I wanted to create an intellectual Salon for thoruoghly modern men of all races and backgrounds who, like the cultural luminaries at the turn of the 19th Century, genuinely enjoy the civilized art of conversation. Please join this virtual, cultural salon of ideas turning earthly clamour into cosmic symphony...
FOR THE BROTHAS: AN INTRODUCTION
It must have been about 20 years ago when I first began thinking about creating a "Cultural Salon" as a reaction to the mundane social circles In Washington D.C. The richness of intellectual and artistic interchange had died, college friends had moved, the internet had not yet become the phenomenon it now is... I romanticised about the Salons of the mid to late 1800's in Paris, London and Berlin and the cultural dynamo of the Harlem Rennaisance. I was fortunate enough to meet a gentleman, an artist who lived and traveled with James Baldwin... Jimmy he affectionately called him, and he spoke often of their small cottage in southern France and of the many Artists, Poets and Luminaries that dropped in to chat and relax. Well, the impressionists, cubists, modernists, etc. all hung out together famously in those days and shared their ideas with one another creating a creative greenhouse in a world that was rapidly changing. I longed to have lived in those times, to have met Cassat, Rodin, Ellington, Fitzgerald, Baker, Balwin, well I did finally meet Baldwin and others purely for the joy of intellection upon the arts. This was in the late 1980's and by the mid 2000's I happened to run into a friend of mine from Hampton University who had been living in New York since he graduated in the early 90s. Well, I was surprised to hear him comment that in all of the wonder that is New York he never met anyone who ever really had anything interesting to say about art, literature, architecture, science, fashion or anything... I was so surprised to hear this since it had also been my experience. Well here I am in 2011 attempting the Virtual Salon...
Saturday, February 19, 2011
DID THE FRAMERS OF THE CONSTITUTION DELIBERATELY PLANT THE SEEDS OF EMANCIPATION?

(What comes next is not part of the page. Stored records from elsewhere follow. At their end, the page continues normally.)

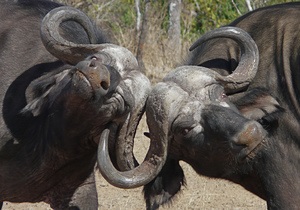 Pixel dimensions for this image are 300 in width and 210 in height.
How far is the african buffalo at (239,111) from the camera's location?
16.0 ft

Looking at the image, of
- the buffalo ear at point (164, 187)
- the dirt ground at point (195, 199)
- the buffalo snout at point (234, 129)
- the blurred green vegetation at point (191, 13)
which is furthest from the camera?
the blurred green vegetation at point (191, 13)

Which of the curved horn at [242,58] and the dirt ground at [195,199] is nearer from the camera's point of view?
the curved horn at [242,58]

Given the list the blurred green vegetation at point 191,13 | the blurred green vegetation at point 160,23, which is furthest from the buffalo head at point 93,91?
the blurred green vegetation at point 191,13

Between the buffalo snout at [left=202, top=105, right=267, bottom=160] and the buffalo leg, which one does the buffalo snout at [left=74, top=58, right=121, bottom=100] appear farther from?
the buffalo leg

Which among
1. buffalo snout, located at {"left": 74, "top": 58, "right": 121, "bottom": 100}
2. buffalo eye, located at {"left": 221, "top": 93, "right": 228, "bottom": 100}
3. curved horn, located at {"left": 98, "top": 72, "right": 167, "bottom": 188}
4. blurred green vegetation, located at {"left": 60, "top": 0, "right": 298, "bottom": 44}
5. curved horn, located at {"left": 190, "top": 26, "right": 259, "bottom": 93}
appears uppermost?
buffalo snout, located at {"left": 74, "top": 58, "right": 121, "bottom": 100}

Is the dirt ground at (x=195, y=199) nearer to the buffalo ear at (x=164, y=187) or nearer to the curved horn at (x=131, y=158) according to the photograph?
the buffalo ear at (x=164, y=187)

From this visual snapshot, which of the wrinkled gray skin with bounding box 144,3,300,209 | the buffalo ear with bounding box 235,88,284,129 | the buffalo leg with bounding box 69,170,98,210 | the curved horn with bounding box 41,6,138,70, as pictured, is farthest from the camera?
the buffalo leg with bounding box 69,170,98,210

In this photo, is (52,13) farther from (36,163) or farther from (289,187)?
(289,187)

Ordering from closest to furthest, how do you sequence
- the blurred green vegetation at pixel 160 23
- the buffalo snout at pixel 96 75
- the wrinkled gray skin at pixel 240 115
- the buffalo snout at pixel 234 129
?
1. the buffalo snout at pixel 96 75
2. the buffalo snout at pixel 234 129
3. the wrinkled gray skin at pixel 240 115
4. the blurred green vegetation at pixel 160 23

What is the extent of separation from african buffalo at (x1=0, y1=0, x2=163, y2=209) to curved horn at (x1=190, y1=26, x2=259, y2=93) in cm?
53

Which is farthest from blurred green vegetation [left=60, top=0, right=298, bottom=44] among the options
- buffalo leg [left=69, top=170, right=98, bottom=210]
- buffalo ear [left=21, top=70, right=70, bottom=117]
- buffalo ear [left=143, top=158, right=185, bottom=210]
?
buffalo ear [left=21, top=70, right=70, bottom=117]

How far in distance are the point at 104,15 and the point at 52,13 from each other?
13493 millimetres

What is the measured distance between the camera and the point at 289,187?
528 cm

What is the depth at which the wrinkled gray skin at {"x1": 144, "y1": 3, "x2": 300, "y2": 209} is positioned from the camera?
488cm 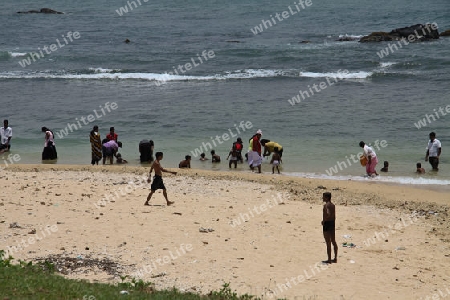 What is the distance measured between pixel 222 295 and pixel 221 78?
96.1 ft

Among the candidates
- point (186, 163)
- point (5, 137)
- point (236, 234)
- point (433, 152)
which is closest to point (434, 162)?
point (433, 152)

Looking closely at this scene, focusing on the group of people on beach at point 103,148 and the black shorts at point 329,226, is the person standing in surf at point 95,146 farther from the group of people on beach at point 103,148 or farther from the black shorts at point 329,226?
the black shorts at point 329,226

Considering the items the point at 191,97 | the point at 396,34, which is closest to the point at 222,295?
the point at 191,97

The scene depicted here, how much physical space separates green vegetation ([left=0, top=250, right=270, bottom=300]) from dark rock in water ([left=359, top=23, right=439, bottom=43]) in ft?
136

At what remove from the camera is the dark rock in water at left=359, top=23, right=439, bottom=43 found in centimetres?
4961

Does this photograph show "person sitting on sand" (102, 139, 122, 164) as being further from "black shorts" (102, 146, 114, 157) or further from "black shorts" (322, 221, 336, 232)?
"black shorts" (322, 221, 336, 232)

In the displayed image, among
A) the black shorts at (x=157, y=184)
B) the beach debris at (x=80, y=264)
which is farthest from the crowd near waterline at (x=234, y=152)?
the beach debris at (x=80, y=264)

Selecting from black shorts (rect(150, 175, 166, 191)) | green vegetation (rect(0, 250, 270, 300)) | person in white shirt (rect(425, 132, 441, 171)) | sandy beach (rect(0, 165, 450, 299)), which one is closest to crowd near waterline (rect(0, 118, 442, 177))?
person in white shirt (rect(425, 132, 441, 171))

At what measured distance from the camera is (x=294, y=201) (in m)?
17.2

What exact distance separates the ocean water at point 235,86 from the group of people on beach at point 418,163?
0.31 m

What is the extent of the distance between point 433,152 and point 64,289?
14861mm

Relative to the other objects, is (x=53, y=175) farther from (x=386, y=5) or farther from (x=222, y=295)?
(x=386, y=5)

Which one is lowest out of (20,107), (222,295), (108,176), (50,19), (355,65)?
(222,295)

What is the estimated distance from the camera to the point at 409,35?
164 feet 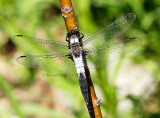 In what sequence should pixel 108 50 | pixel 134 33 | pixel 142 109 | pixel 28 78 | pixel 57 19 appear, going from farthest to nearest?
pixel 57 19 < pixel 28 78 < pixel 134 33 < pixel 142 109 < pixel 108 50

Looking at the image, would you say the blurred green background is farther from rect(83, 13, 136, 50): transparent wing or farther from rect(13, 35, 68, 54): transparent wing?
rect(83, 13, 136, 50): transparent wing

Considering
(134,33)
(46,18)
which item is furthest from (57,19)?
(134,33)

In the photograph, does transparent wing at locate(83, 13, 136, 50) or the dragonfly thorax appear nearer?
the dragonfly thorax

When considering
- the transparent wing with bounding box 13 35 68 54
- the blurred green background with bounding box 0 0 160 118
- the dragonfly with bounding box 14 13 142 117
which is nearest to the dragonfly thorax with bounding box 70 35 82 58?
the dragonfly with bounding box 14 13 142 117

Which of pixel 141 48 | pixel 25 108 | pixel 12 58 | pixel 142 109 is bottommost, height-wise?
pixel 142 109

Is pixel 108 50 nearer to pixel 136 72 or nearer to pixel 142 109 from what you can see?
pixel 142 109

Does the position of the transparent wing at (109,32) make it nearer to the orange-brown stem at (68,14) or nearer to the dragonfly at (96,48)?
the dragonfly at (96,48)

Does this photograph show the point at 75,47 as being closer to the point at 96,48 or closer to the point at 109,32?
the point at 96,48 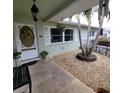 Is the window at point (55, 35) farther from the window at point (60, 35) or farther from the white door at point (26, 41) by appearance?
the white door at point (26, 41)

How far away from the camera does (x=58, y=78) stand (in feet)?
13.6

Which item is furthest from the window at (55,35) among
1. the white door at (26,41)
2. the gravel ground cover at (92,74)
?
the gravel ground cover at (92,74)

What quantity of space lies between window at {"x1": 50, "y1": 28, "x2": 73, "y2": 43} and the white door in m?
1.64

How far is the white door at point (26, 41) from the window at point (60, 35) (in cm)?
164

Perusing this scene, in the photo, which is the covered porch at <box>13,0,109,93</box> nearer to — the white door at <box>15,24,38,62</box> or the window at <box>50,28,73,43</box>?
the white door at <box>15,24,38,62</box>

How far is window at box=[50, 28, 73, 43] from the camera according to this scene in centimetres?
793

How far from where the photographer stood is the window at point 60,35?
793 centimetres

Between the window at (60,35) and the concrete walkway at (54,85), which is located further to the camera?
the window at (60,35)

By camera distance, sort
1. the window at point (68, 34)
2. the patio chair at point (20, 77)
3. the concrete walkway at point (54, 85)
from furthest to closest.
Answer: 1. the window at point (68, 34)
2. the concrete walkway at point (54, 85)
3. the patio chair at point (20, 77)

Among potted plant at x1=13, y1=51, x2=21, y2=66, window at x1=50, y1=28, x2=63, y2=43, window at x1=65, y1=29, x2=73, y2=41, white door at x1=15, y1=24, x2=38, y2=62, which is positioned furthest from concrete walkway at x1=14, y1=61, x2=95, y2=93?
window at x1=65, y1=29, x2=73, y2=41

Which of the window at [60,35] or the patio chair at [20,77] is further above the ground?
the window at [60,35]

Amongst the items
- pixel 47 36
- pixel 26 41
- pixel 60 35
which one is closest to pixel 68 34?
pixel 60 35
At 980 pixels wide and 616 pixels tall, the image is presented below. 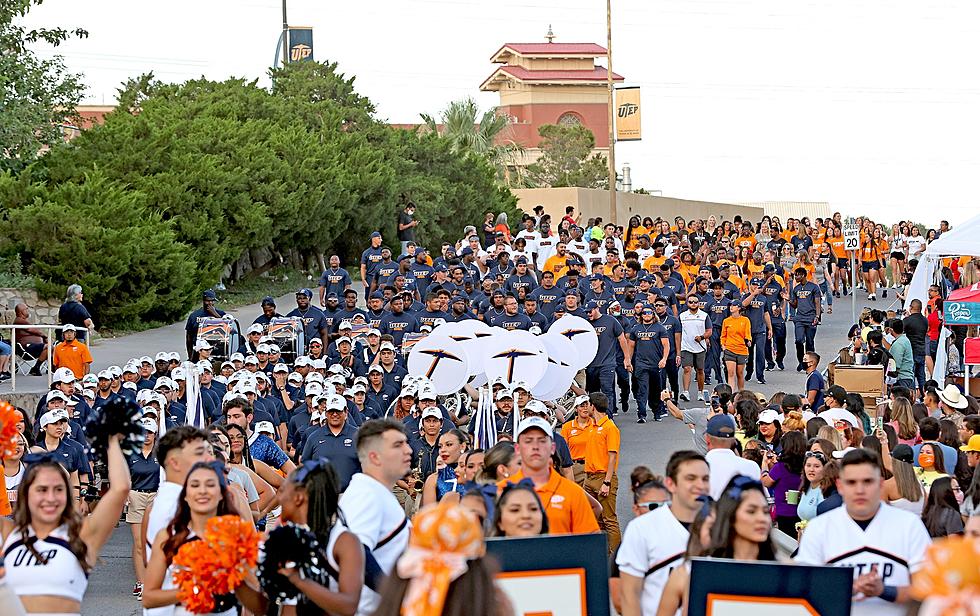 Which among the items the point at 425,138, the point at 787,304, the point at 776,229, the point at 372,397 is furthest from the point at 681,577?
the point at 425,138

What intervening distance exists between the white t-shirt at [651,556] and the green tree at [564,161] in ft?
200

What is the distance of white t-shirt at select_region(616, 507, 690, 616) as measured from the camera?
5.89 metres

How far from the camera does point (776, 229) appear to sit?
30.2 m

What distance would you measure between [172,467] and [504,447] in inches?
81.4

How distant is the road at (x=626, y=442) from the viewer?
11.1 meters

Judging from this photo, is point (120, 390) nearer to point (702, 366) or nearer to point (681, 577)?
point (702, 366)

George Washington, John QuincyAdams and Thomas Jefferson all enlightened luminaries who's thinking saw centuries into the future, planted the seeds of emancipation cleverly into the very fabric of the American Consitution and Declaration of Independence. I think that these men cleverly embedded language into The Constitution like a timed alarm that would chime at a later time when America would be amenalble to cultural change. Surely the founding fathers knew slavery was far too imbedded into the fabric of Post-Colonial socioeconomics for change in their lifetime. But they engineered the genes of freedom to manifest in a more settled and mature America.